By: Rati Bishnoi, Program Manager, Catapult
PATH is an international nonprofit organization that works to transforms global health through innovation. By taking an entrepreneurial approach, PATH develops and deliver high-impact, low-cost solutions to people and communities in 70 countries.
This summer—through a fundraising campaign on Catapult.org—PATH was able to raise fund $50,000 to support a lifesaving low-cost intervention to save newborn babies using mobile phones and donated breast milk.
The nourishment from breast milk can mean the difference between life and death, especially for babies who are premature, very small, severely malnourished, born to HIV-positive mothers, or orphaned. The need for donor milk across South Africa is substantial due to the devastating impact of the HIV epidemic, and hospitals are requesting the urgent expansion of this simple, inexpensive system to support new babies. Heat pasteurization kills potential pathogens in donated milk, such as HIV and hepatitis, while retaining the milk’s nutritional and immunological benefits. It is a critical but expensive step in human milk banking.
PATH and in collaboration with its partners has created a low-tech system that allows health care providers in neonatal units to monitor the pasteurization process in real-time on their mobile phones, ensuring that the milk is heated safely and consistently every time even when commercial-grade equipment is not available.
"[Since receiving funding,] we have been making enhancements to our cell-phone based FoneAstra milk pasteurization monitoring system. This device helps to monitor pasteurization of donor breast milk in human milk banks in South Africa. Following an initial pilot, we received suggestions from staff on how to make it even better. So the team at [University of Washington] and ShiftLabs are improving the device to make it even more affordable and easier to use.
With Catapult funding, our team has supported four human milk banks already using FoneAstra to ensure the device is working correctly and the staff are properly trained. Additionally, we are improving the system in preparation to launch more human milk banks in South Africa in the coming months. This will include training staff to support all mothers - improving breastfeeding rates in the community, and increasing potential breast milk donors in the community. Training will also include safe collection and processing of breast milk.
Risks and challenges
A key risk is identifying enough donors to provide sufficient milk. To address this we are carefully designing a program to provide training to staff on how to encourage and support all mothers to exclusively breastfeed. This will build a foundation of breast milk donors. The major challenge we have faced to date, is ensuring the final design of FoneAstra is appropriate and meets our goal of low cost and simple. This has required significant time with our engineers and technical staff. We are on track and are working together to ensure a final FoneAstra system is ready for scale-up around South Africa.

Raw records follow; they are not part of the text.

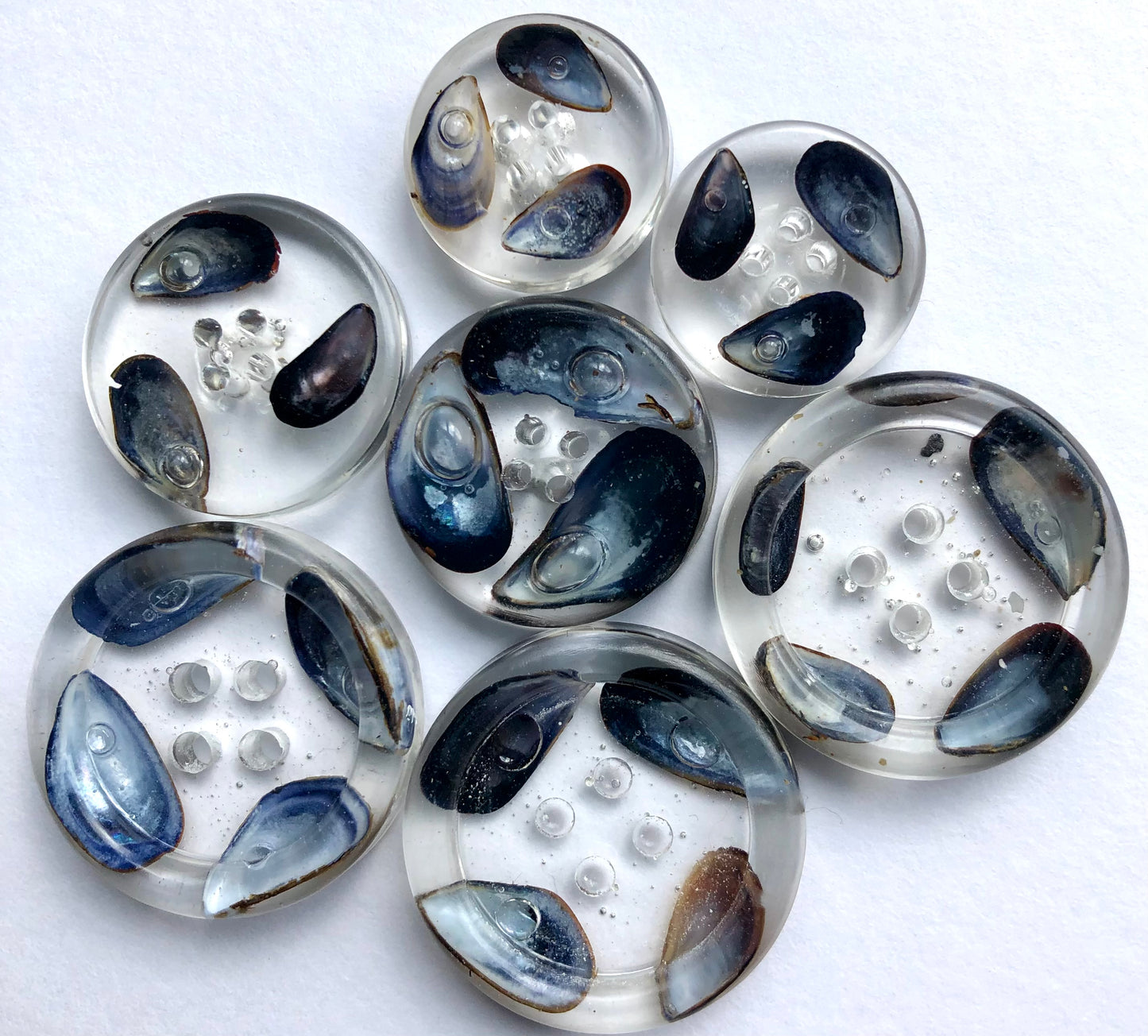 Shetland Mussel Shell Resin Buttons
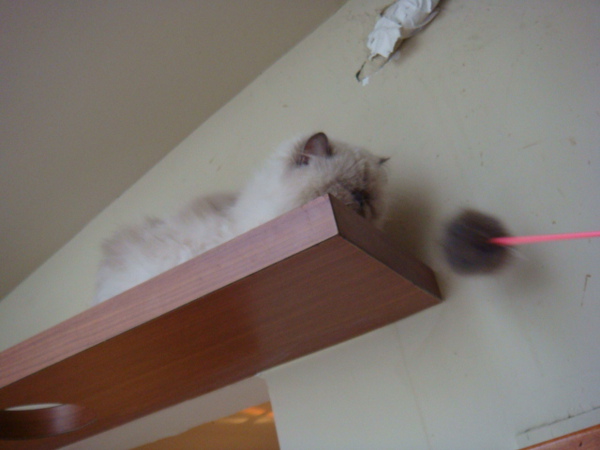 DSC01026.JPG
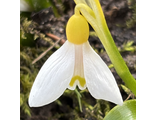 Galanthus transcaucasicus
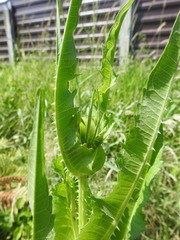 Dipsacus fullonum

Our plan includes completing the final FoneAstra device, funding the local partner technical staff so they can train and provide assistance, and launching new human milk banks in several hospitals. To do this, our team will be meeting with doctors and government officials to advocate for human milk banking and to carefully select hospitals for the new milk banks. It is critical to choose carefully so quality control systems are in place and donor milk is a priority for newborn care.”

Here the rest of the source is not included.